Work instructions - The reply should repeat all of the data word for word, with no pictures.

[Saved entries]
○ ○ ○

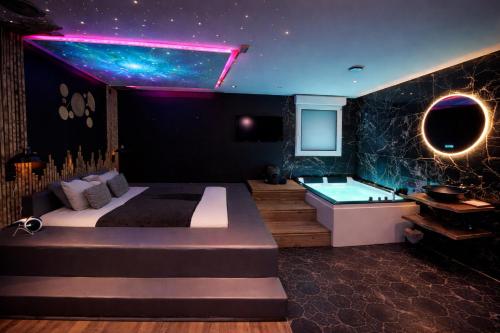 a bedroom with a bed and a bath tub at Suite Spa Sauna - Charleville - UNE PARENTHESE ARDENNAISE in Charleville-Mézières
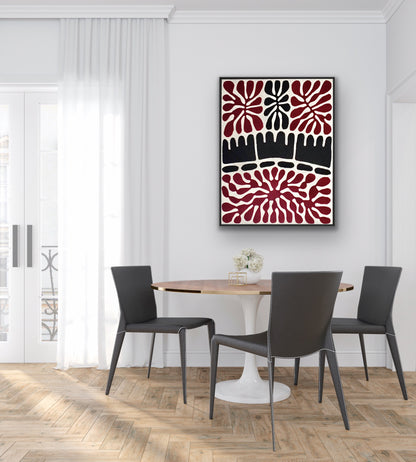 Dining room with a wooden table and black chairs, featuring a painting by Aboriginal artist Mitjili Naparrula in Maroon, black and white.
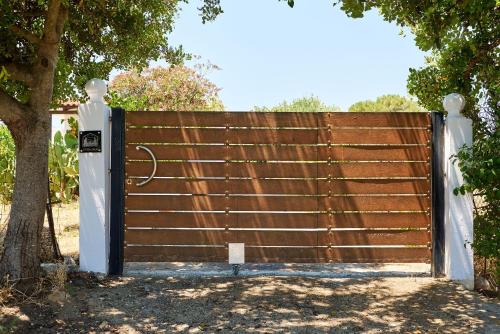 a wooden fence with a gate next to a tree at Ephagros Cretan Countryside House in Dionisi in Dyonisio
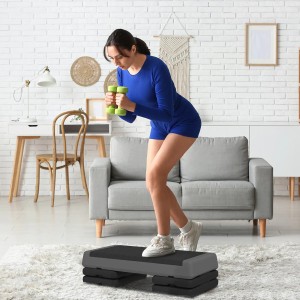 Frau trainiert mit Aerobic Stepper SPORTNOW und Hanteln im Wohnzimmer.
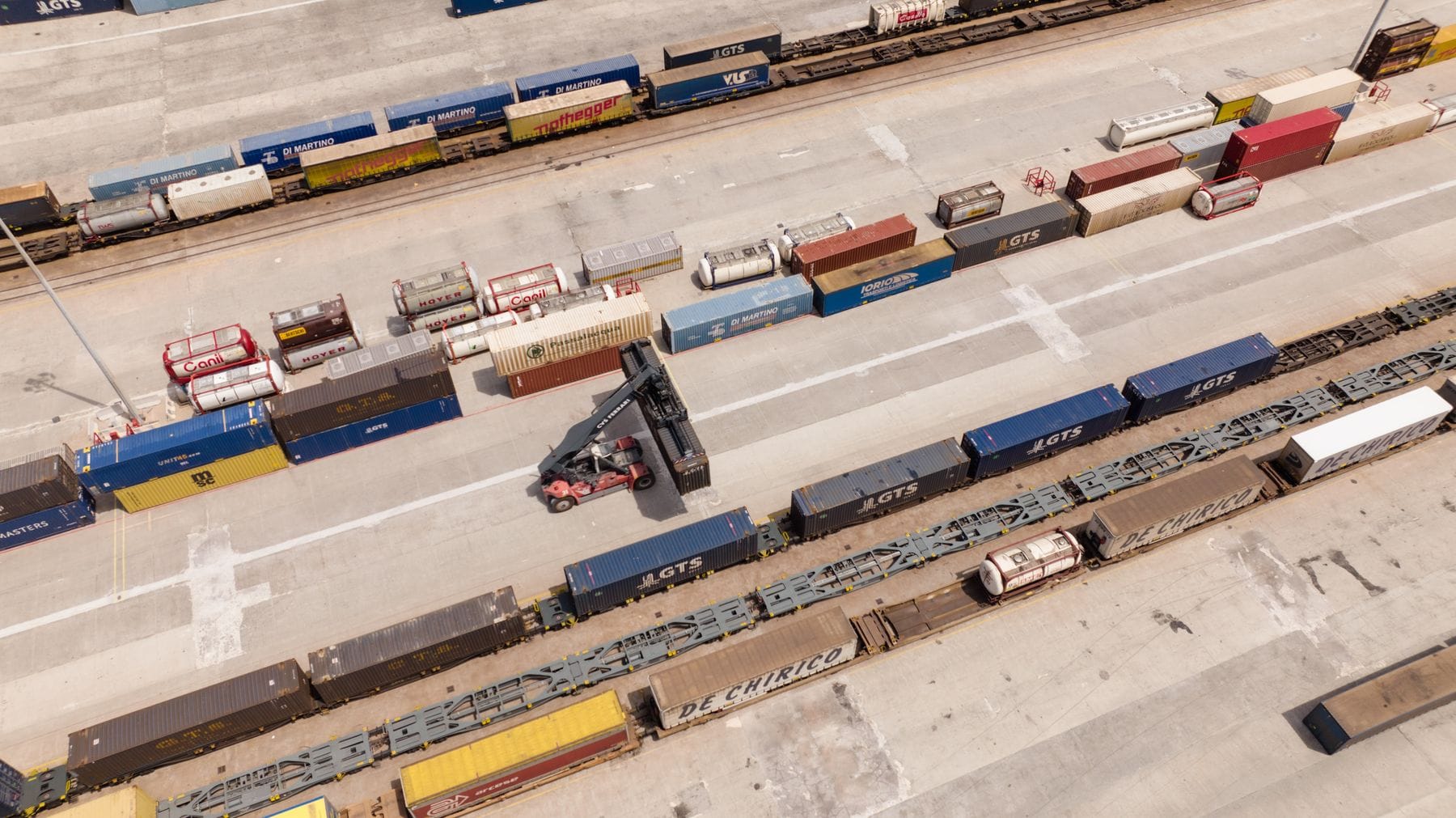 Aerial view of a container yard with rail lines and stacked shipping containers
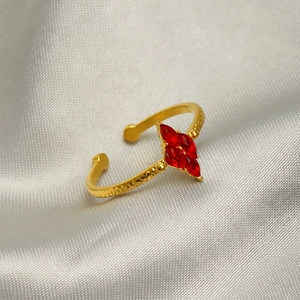 Detailed macro view of gold-plated ring featuring red marquise-cut zircon stones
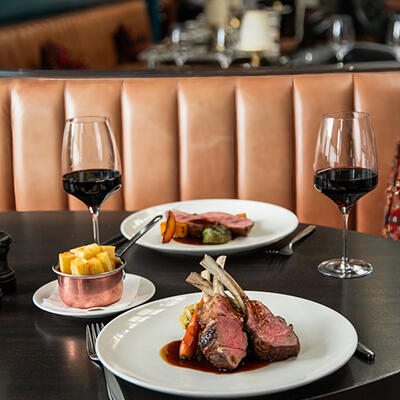 Delicious T-bone steak served with golden chips and a pair of red wine glasses at River Grille restaurant.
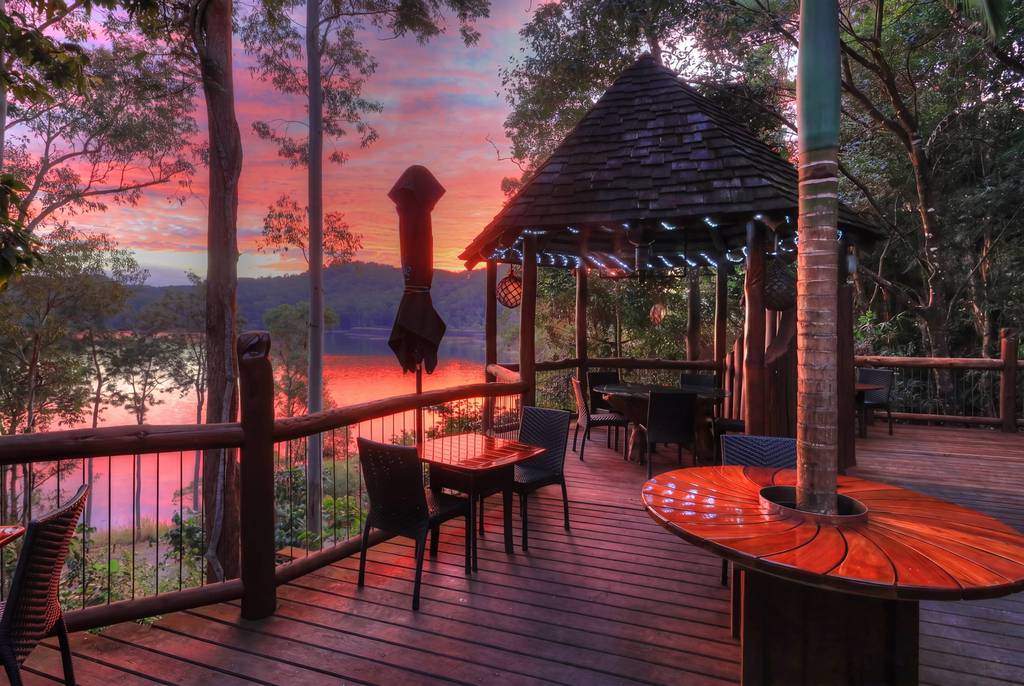 An evening deck overlooking the hinterland lake at sunset
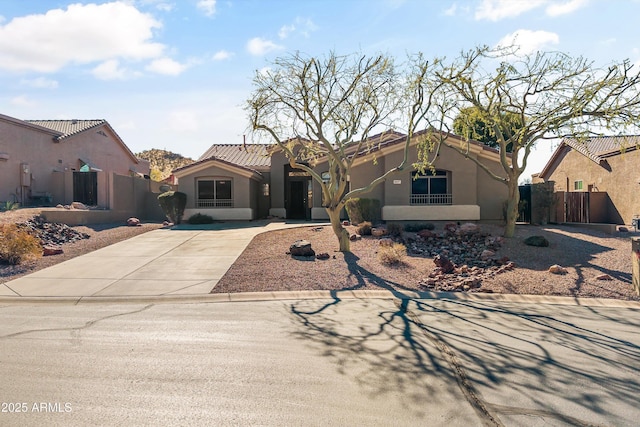 mediterranean / spanish-style home with a tile roof, fence, concrete driveway, and stucco siding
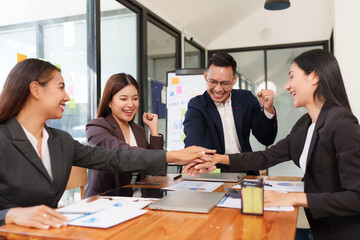 Asian Business Group Chat about graph work Present in meetings, in the office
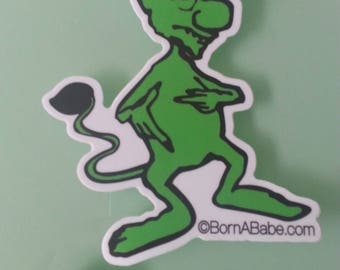 Puede incluir: Una pegatina de duende verde de dibujos animados con un borde blanco. El duende tiene orejas grandes, una nariz larga y una cola curvada. La pegatina incluye el texto "©BornABabe.com". Una moneda está al lado de la pegatina para la comparación de tamaño.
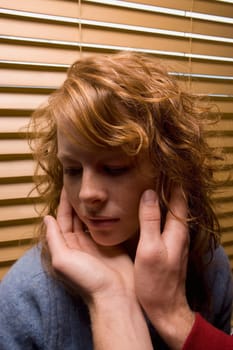 Man's hands touching a woman's face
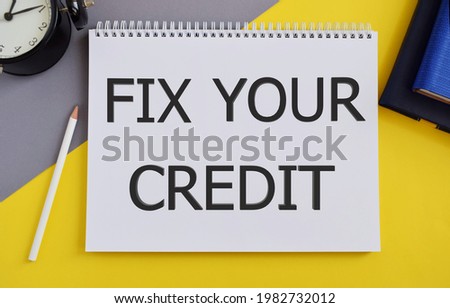 Fix Your Credit text written in Notebook. Conceptual photo Keep balances low on credit cards and other credit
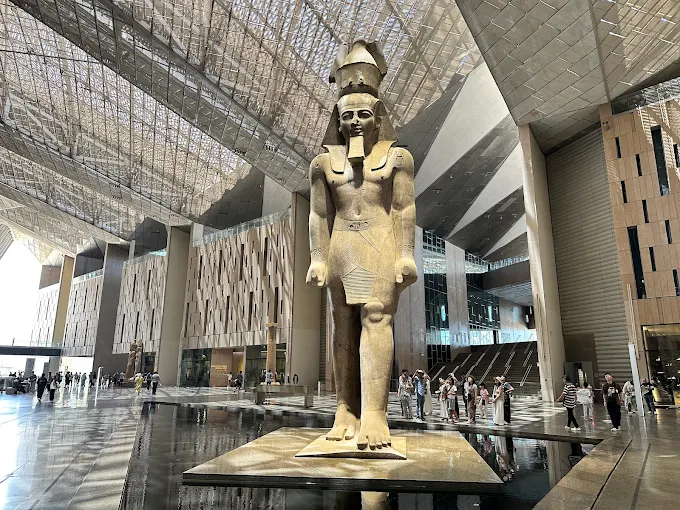 Back view of Ramses II statue facing a golden triangular wall with hieroglyphs during a grand-egyptian-museum-tour.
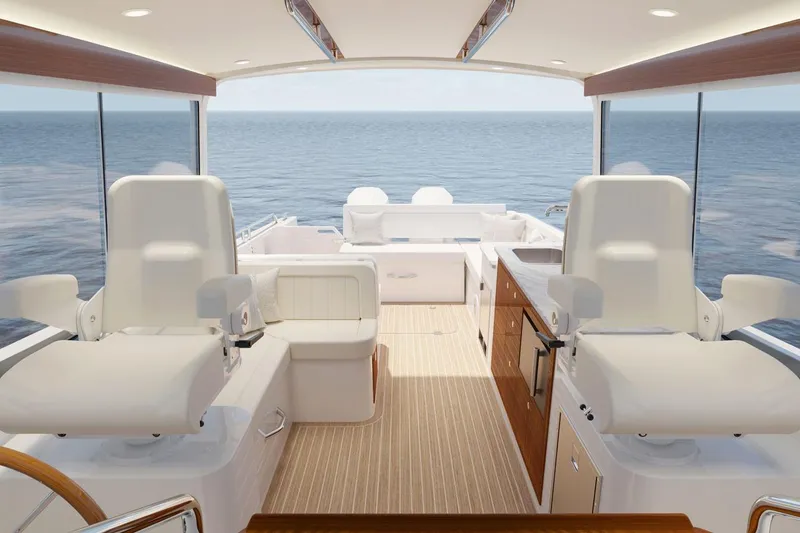 Slide: The Image of Luxurious interior of 2026 MJM 38R yacht with modern helm and kitchenette. - 9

○ ○ ○

Answer to this exercise -
 a bedroom with a bed and a bath tub at Suite Spa Sauna - Charleville - UNE PARENTHESE ARDENNAISE in Charleville-Mézières
 Dining room with a wooden table and black chairs, featuring a painting by Aboriginal artist Mitjili Naparrula in Maroon, black and white.
 a wooden fence with a gate next to a tree at Ephagros Cretan Countryside House in Dionisi in Dyonisio
 Frau trainiert mit Aerobic Stepper SPORTNOW und Hanteln im Wohnzimmer.
 Aerial view of a container yard with rail lines and stacked shipping containers
 Detailed macro view of gold-plated ring featuring red marquise-cut zircon stones
 Delicious T-bone steak served with golden chips and a pair of red wine glasses at River Grille restaurant.
 An evening deck overlooking the hinterland lake at sunset
 mediterranean / spanish-style home with a tile roof, fence, concrete driveway, and stucco siding
 Asian Business Group Chat about graph work Present in meetings, in the office
 Puede incluir: Una pegatina de duende verde de dibujos animados con un borde blanco. El duende tiene orejas grandes, una nariz larga y una cola curvada. La pegatina incluye el texto "©BornABabe.com". Una moneda está al lado de la pegatina para la comparación de tamaño.
 Man's hands touching a woman's face
 Fix Your Credit text written in Notebook. Conceptual photo Keep balances low on credit cards and other credit
 Back view of Ramses II statue facing a golden triangular wall with hieroglyphs during a grand-egyptian-museum-tour.
 Slide: The Image of Luxurious interior of 2026 MJM 38R yacht with modern helm and kitchenette. - 9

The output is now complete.